Runway 24 is equipped with Category II, high-intensity approach lighting, touchdown zone lighting, and centreline runway lighting. Runway 24 would normally have been preferred for the approach and landing because of superior approach and runway lighting. Runway 24 was closed, however, because of the pooling of water on the southeastern side of the runway. Heavy rain and warm temperatures earlier that day had resulted in a substantial snow melt and excess water on the airfield. Also, a collection pond on the south side of Runway 24 overflowed, adding to the already high ground water level. The drainage system for Runway 24 was not able to accommodate the excess water, which resulted in flooding of the southeastern side of the runway. Flooding of this portion of Runway 24 is not common. The runway was closed one other time in the same winter season because of standing water.

A RSC report for Runway 15, taken after the occurrence at 2228 AST, indicated that 180 feet of the runway centreline was 100% bare and wet with the remaining outer portion 50% bare and wet and 50% ice. After the occurrence, there were no visible tire marks on or near the runway to indicate the aircraft's track or whether a runway excursion had occurred. Therefore, it could not be determined if the left main wheels had gone off the runway surface.

When the flight data recorder (FDR) was removed from the aircraft, it was discovered that the installed FDR was a Fairchild F800, not the required Fairchild F1000. The Fairchild F800 FDRs were included in the parts inventory when the aircraft were leased from the United States. The FDR was then sent to the TSB Engineering Branch for analysis. It was found that only four parameters were being recorded instead of the required 18 parameters. The only information captured was magnetic heading, indicated airspeed, altitude, and radio keying. After the installation error was discovered the operator immediately checked the remainder of the fleet. One other Boeing 737 with a Fairchild F800 FDR was found, and there was one more Fairchild F800 FDR in the parts inventory.

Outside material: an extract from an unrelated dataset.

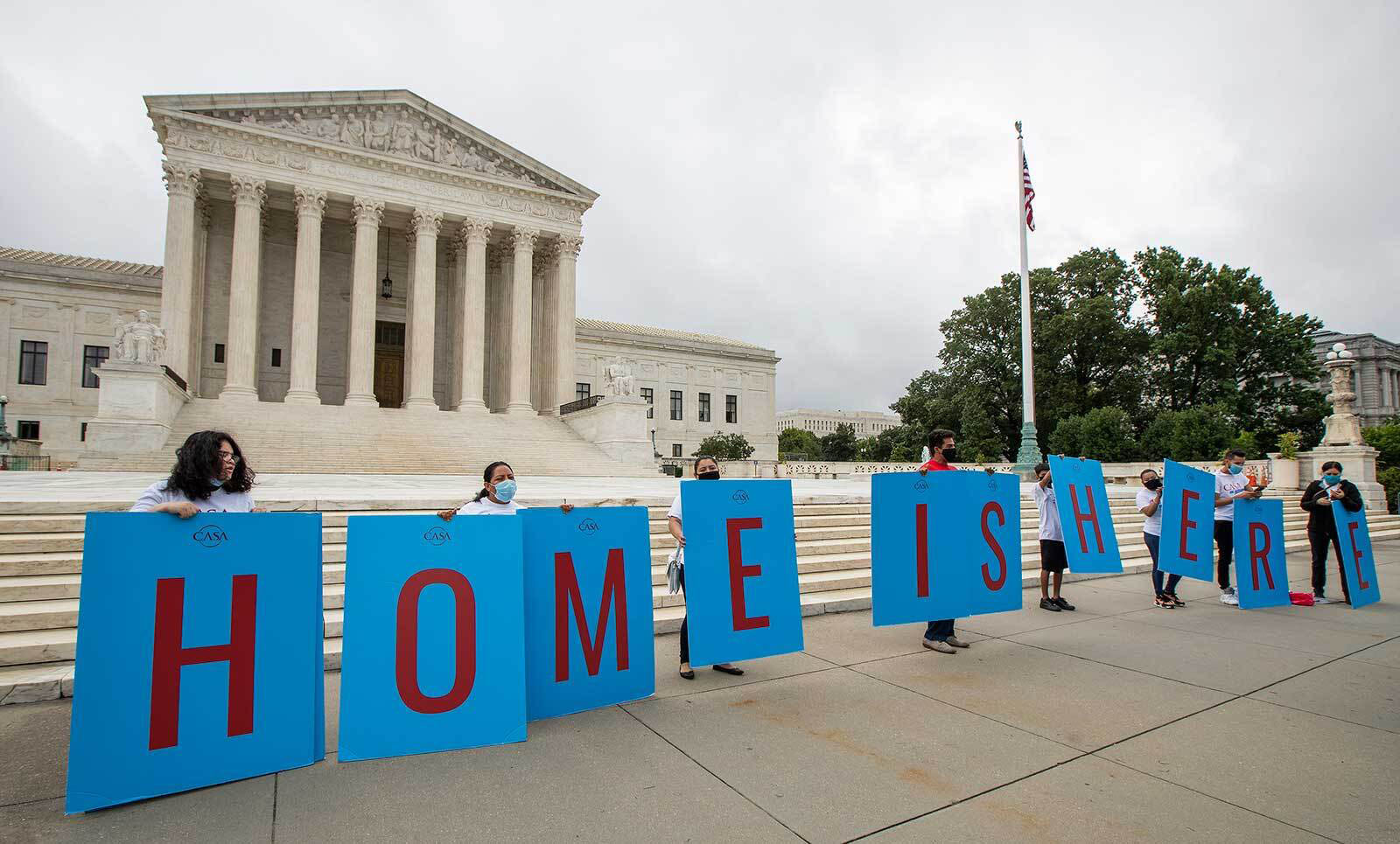 In this June 18, 2020 file photo, Deferred Action for Childhood Arrivals (DACA) students gather in front of the Supreme Court in Washington. The vast majority do not support a border opening or an amnesty for the nearly 11 million immigrants living illegally in the United States, but they do support changes in immigration laws that have not been updated for decades.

The aircraft's cockpit voice recorder (CVR) was sent to the TSB Engineering Branch for analysis. The CVR had been overwritten after the occurrence and contained no relative information. The Boeing 737 Aircraft Operating Manual contains a section titled "Landing on Wet or Slippery Runways." In this section, the use of reverse thrust and crosswinds is discussed:

"Reverse Thrust and Crosswind

The reverse thrust side force and a crosswind can cause the airplane to drift to the downwind side of the runway if the airplane is allowed to weathervane into the wind. As the airplane starts to weathervane into the wind, the reverse thrust side force component adds to the crosswind component and drifts the airplane to the downwind side of the runway. Main gear tire cornering forces available to counteract this drift will be reduced when the antiskid system is operating at maximum braking effectiveness for existing conditions. To correct back to the centreline, reduce reverse thrust to reverse idle and release the brakes. This will minimize the reverse thrust side force component without the requirement to go through a full reverser actuating cycle, and provide the total tire cornering forces for realignment with the runway centreline. Use rudder, steering, and differential braking, as required to prevent overcorrecting past the runway centreline. When re-established on the runway centreline, reapply steady brakes and reverse thrust as required to stop the airplane."

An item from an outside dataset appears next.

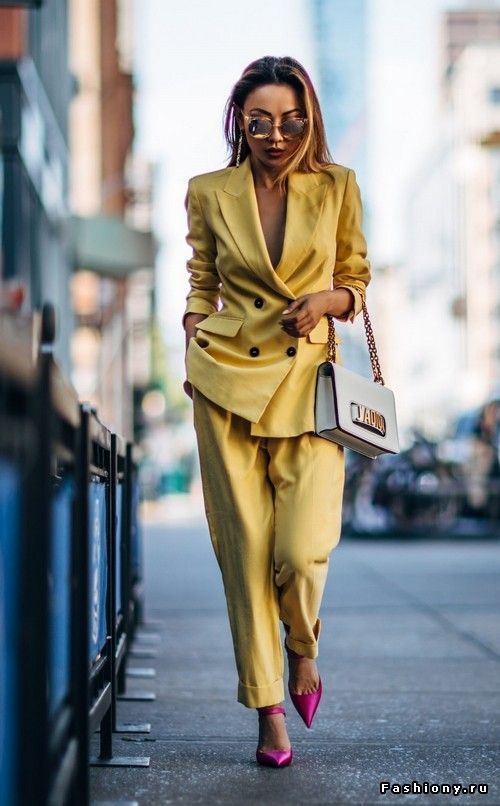 a stylish woman in a bright yellow pantsuit strolls down a city street. she's wearing fuchsia heels, sunglasses, and carries a white handbag.  the photo captures a trendy and confident urban fashion look. the background is blurred but shows city buildings and a hint of urban environment.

Figure 1 - Reverse Thrust on Slippery Runways with Crosswind

Figure 1.  Reverse Thrust on Slippery Runways with Crosswind

Reverse thrust side force component is discussed during simulator training sessions. The issue is also part of the operator's yearly winter operations primer. Limitations of the current 737 simulator prevent the procedure from being demonstrated or practised.


The crew acquired visual contact with the runway environment at 100 feet above the decision height. Up to this point, the approach was stable and the crew were making relatively minor corrections. The captain took control, not because of reduced visibility, but because the first officer did not respond immediately to his verbal direction. The captain had ample opportunity prior to this to assess the aircraft flight path. The crew's difficulty seeing the runway centerline markings in the final moments, after the aircraft was in the low-energy regime, combined with sudden heavy wind gusts, prevented the crew from detecting and correcting the aircraft's drift. The captain had other visual references and felt that the aircraft landed slightly left of the runway centerline. As the aircraft was already in the low-energy regime, and a go-around would have been a high-risk manoeuver, the captain continued the approach to landing.

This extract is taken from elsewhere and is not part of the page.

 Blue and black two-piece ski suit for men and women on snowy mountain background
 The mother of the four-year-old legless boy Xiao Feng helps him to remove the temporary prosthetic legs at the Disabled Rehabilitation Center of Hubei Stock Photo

The absence of hydroplaning-related damage to the tires and the lack of standing water on the runway suggests that hydroplaning did not occur and was not the reason for the loss of directional control. Immediately after touchdown the aircraft weather vaned. It is likely that the combination of drift, reverse thrust, crosswind, and the wet runway resulted in the aircraft drifting to the downwind side of the runway, as stated in the Boeing operating manual.

The Boeing 737 aircraft operating manual procedure of releasing wheel brakes and placing the reverse thrust to idle to regain directional control was not precisely followed. The captain continued to apply maximum right wheel braking throughout the loss of directional control. The continued application of right wheel braking may have delayed the recovery of directional control.

The standing water on Runway 24 prevented flight crews from using the best-equipped and most-desirable runway for arrivals and departures. The superior approach and centerline runway lighting on Runway 24 would have afforded the crew better visual cues to detect and correct for drift earlier during the approach to landing. The pooling of water is likely to occur during adverse weather conditions, and renders the best-equipped runway unusable, precisely when it is needed most. The closing of Runway 24 for this type of flooding occurs infrequently and does not pose a reoccurring problem with flight operations.

The installation of an incorrect FDR prevented the TSB from completely assessing the aircraft's flight parameters during the incident. Although not critical in this instance, in a more serious incident the loss of data could be crucial.

The following TSB Engineering Laboratory Report was completed:

  • LP 014/2003 - FDR Analysis.

Findings as to Causes and Contributing Factors

  1. The crew's visual cues were degraded in the final moments of the approach because of a layer of ground fog, preventing them from detecting and correcting the aircraft's left drift prior to touchdown.
  2. It is likely that a combination of drift, reverse thrust, strong gusting crosswind, and the wet runway resulted in the loss of aircraft directional control, and the continued application of right wheel braking throughout the loss of control may have delayed recovery of directional control.

Other Findings

  1. The standing water on Runway 24 prevented crews from using the best-equipped and most desirable runway for landing.
  2. The installed FDR was the incorrect model for the aircraft and most of the required parameters were not being recorded.

Safety Action Taken

On 04 February 2003, the operator replaced the installed Fairchild F800 FDRs with the approved models. The operator has initiated a receiving inspection system for FDRs, and regular inventory audits will be completed to ensure that the correct spare parts are in stock.

As of 25 September 2003, the Halifax International Airport Authority had completed maintenance and modification on the drainage system around Runway 24 and on the collection pond. This included remedial work on the Runway 24 drainage system and installation of a water level alarm system and a remote pump shut-off switch to help control the water level in the collection pond. In addition, when weather forecasters are predicting heavy rain, airport authority personnel will shut off the pumps at the start of the rainfall.

This report concludes the Transportation Safety Board's investigation into this occurrence. Consequently, the Board authorized the release of this report on 03 March 2004.

1. Transport Canada Commercial and Business Aviation Advisory Circular (CBAAC) No. 0141 - Low Energy Hazards/Balked Landing/Go Around

2. All times are Atlantic standard time (Coordinated Universal Time minus four hours) unless otherwise noted.